In the presence of covalent bonds between monomers, as is the case in the polymer, the packing fraction is lowered, hence $\phi _c = \phi _c^* - \Lambda \cdot {z_{\rm co}}$, where $\Lambda$ is a parameter that expresses the effect of topological constraints due to covalent bonds on the total packing fraction occupied by the monomers in a given polymer.
Finally, the packing fraction occupied by the monomers in the absence of covalent bonds is related to $T_g$ via thermal expansion, according to $\phi_c = \exp (-\alpha_T T_g -C)$, which comes from integrating the thermodynamic relation between thermal expansion coefficient $\alpha_{T}$ and volume V, $\alpha_T = \frac{1}{V}\,\left(\partial V/\partial T\right)$, where $\alpha_T$ is the coefficient of thermal expansion of the polymer in the glassy state. Note the relation between packing fraction $\phi$ and total volume given by $\phi=v N/V$, where $N$ is the total number of monomers, with molecular volume $v$, contained in the total volume $V$ of the material, which has been used above.

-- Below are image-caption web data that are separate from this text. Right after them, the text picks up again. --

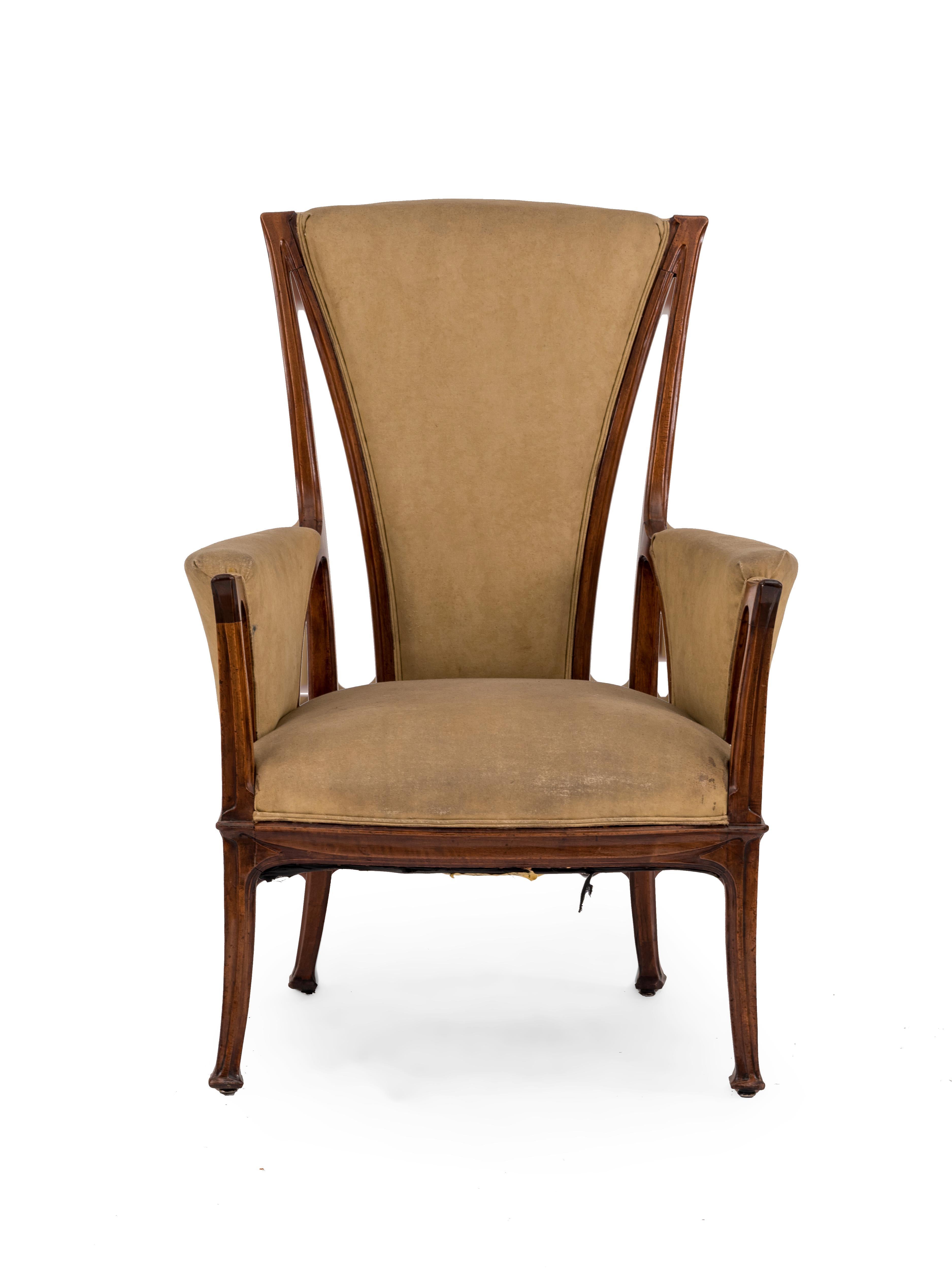 French Art Nouveau walnut high back bergere arm chair with brown velvet upholstery
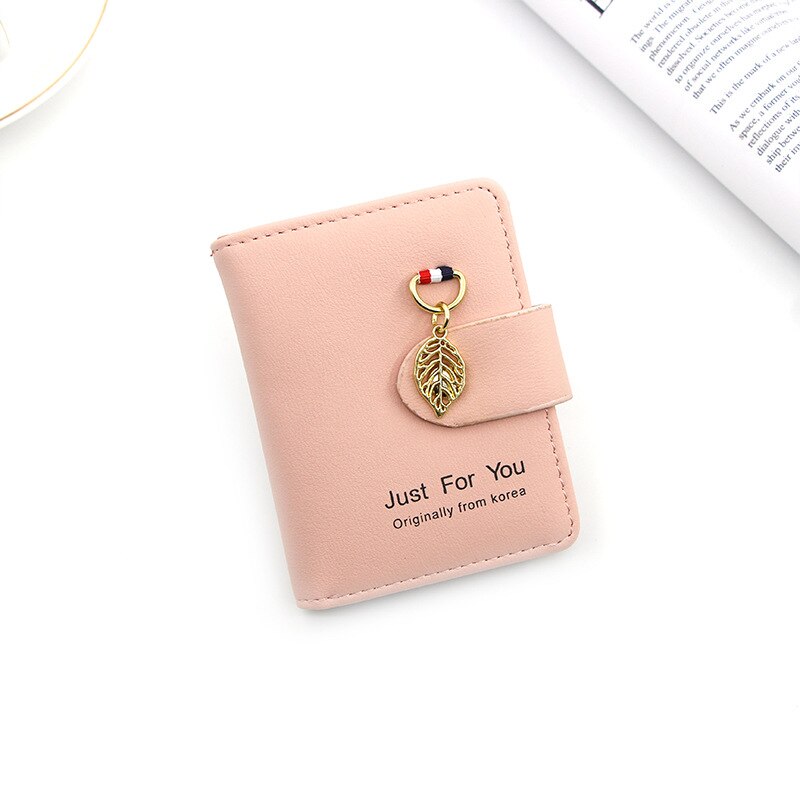 2022 Women Card Wallet Leather Mini Cute Credit Card Holder Coin Purse Multi-function Card Case For Girls: Pink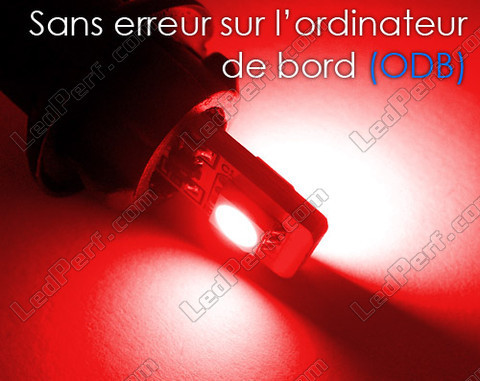 LED-lampa T10 W5W-box mot färddatorfel - System mot färddatorfel - Dubbel Röd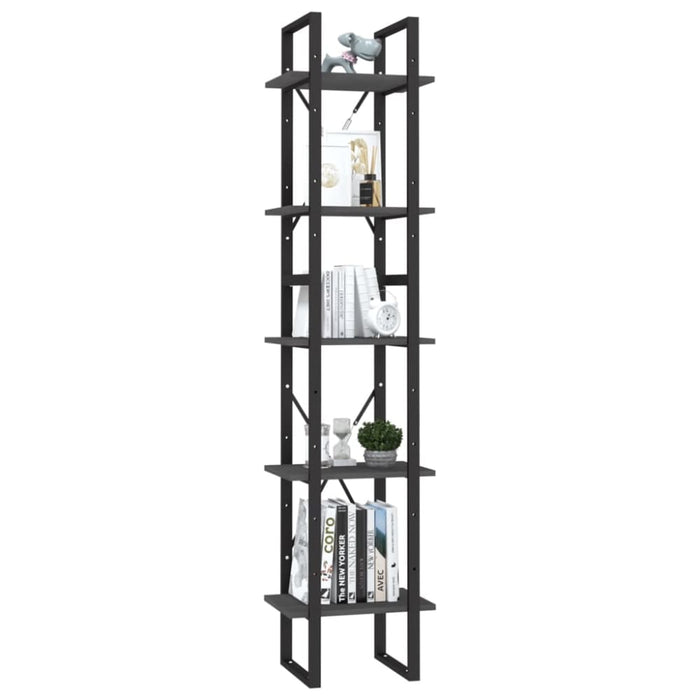 5-tier Book Cabinet Grey Pinewood Tbnokip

Hence $C$ is the integration constant in $\ln(1/\phi)=\alpha_{T}T+C$, and it was found that $C\approx0.48$ for the case of polystyrene. Also, $M_0$ is the molecular weight of one monomer in the polymer chain.

Hence the above equation clearly recovers the Flory–Fox equation with its dependence on the number average molecular weight $M_n$, and provides a molecular-level meaning to the empirical parameters present in the Fox-Flory equation. Furthermore, it predicts that $T_g \sim 1/\alpha_{T}$, i.e. that the glass transition temperature is inversely proportional to the thermal expansion coefficient in the glass state.

===Alternative equations===
While the Flory–Fox equation describes many polymers very well, it is more reliable for large values of M_{n} and samples of narrow weight distribution. As a result, other equations have been proposed to provide better accuracy for certain polymers. For example:
$T_{g} = T_{g,\infty}-\frac{K}{(M_{n}M_{w})^\frac{1}{2}}.$
This minor modification of the Flory–Fox equation, proposed by Ogawa, replaces the inverse dependence on M_{n} with the square root of the product of the number-average molecular weight, M_{n} , and weight-average molecular weight, M_{w} . Additionally, the equation:
$\frac{1}{T_{g}} = \frac{1}{T_{g,\infty}}+\frac{K}{T_{g,\infty}^2}\frac{1}{M_{n}}$
was proposed by Fox and Loshaek, and has been applied to polystyrene, polymethylmethacrylate, and polyisobutylene, among others.

Despite the dependence of T_{g} on molecular weight that the Flory-Fox and related equations describe, molecular weight is not necessarily a practical design parameter for controlling T_{g} because the range over which it can be changed without altering the physical properties of the polymer due to molecular weight change is small.

==Fox equation==
The Flory–Fox equation serves the purpose of providing a model for how glass transition temperature changes over a given molecular weight range. Another method to modify the glass transition temperature is to add a small amount of low molecular weight diluent, commonly known as a plasticizer, to the polymer. The presence of a low molecular weight additive increases the free volume of the system and subsequently lowers T_{g} , thus allowing for rubbery properties at lower temperatures. This effect is described by the Fox equation:
$\frac{1}{T_{g}} = \frac{w_{1}}{T_{g,1}}+\frac{w_{2}}{T_{g,2}}.$
Where w_{1} and w_{2} are weight fractions of components 1 and 2, respectively. In general, the accuracy of the Fox equation is very good and it is commonly also applied to predict the glass transition temperature in (miscible) polymer blends and statistical copolymers.